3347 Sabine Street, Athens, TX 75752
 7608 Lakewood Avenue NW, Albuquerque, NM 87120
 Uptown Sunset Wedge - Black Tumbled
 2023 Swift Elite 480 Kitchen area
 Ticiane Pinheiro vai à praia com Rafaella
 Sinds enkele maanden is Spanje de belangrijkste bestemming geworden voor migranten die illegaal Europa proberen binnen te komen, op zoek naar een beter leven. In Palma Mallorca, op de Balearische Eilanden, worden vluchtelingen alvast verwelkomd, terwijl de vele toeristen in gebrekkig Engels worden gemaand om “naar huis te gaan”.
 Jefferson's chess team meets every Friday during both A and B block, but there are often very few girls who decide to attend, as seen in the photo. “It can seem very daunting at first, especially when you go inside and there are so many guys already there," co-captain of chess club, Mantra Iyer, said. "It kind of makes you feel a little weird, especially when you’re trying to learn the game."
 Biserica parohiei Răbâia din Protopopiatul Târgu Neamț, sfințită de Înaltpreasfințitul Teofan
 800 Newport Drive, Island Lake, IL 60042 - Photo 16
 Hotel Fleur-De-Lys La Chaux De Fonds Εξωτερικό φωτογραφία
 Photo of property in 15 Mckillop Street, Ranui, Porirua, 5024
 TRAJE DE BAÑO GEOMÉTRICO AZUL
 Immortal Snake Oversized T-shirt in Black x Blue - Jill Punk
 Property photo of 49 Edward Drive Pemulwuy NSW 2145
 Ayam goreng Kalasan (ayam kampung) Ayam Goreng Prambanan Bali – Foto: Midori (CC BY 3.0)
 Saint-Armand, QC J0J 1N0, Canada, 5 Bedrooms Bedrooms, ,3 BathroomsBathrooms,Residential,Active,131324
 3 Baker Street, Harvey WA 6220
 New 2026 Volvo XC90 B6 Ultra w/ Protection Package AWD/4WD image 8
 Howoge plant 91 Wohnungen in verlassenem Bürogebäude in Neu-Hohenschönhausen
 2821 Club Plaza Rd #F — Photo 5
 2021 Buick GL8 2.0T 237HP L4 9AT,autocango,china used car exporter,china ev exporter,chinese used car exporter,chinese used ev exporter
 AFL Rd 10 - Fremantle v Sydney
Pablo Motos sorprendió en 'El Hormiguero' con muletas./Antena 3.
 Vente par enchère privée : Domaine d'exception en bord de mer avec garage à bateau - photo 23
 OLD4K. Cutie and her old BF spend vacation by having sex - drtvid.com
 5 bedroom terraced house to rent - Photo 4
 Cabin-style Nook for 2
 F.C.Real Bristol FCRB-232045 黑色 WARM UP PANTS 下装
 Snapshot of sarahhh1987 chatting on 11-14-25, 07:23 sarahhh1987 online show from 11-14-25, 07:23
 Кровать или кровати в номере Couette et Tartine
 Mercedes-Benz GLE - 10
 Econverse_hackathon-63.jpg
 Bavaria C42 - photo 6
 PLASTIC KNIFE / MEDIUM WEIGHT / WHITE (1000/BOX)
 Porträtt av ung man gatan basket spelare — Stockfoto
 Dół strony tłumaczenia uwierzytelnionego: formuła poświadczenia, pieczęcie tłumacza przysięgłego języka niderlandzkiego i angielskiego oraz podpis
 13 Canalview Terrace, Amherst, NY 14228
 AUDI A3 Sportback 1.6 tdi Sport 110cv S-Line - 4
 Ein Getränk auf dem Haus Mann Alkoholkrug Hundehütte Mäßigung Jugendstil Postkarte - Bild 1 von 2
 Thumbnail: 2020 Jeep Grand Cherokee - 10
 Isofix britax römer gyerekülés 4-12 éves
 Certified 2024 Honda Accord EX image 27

═══

| DIRECTIONS FOR THIS TASK |
Taking the entries above, print exactly the lines starting at the line with "Кровать или кровати" and ending at the line with "AUDI A3 Sportback", both included.

| TASK ANSWER |
 Кровать или кровати в номере Couette et Tartine
 Mercedes-Benz GLE - 10
 Econverse_hackathon-63.jpg
 Bavaria C42 - photo 6
 PLASTIC KNIFE / MEDIUM WEIGHT / WHITE (1000/BOX)
 Porträtt av ung man gatan basket spelare — Stockfoto
 Dół strony tłumaczenia uwierzytelnionego: formuła poświadczenia, pieczęcie tłumacza przysięgłego języka niderlandzkiego i angielskiego oraz podpis
 13 Canalview Terrace, Amherst, NY 14228
 AUDI A3 Sportback 1.6 tdi Sport 110cv S-Line - 4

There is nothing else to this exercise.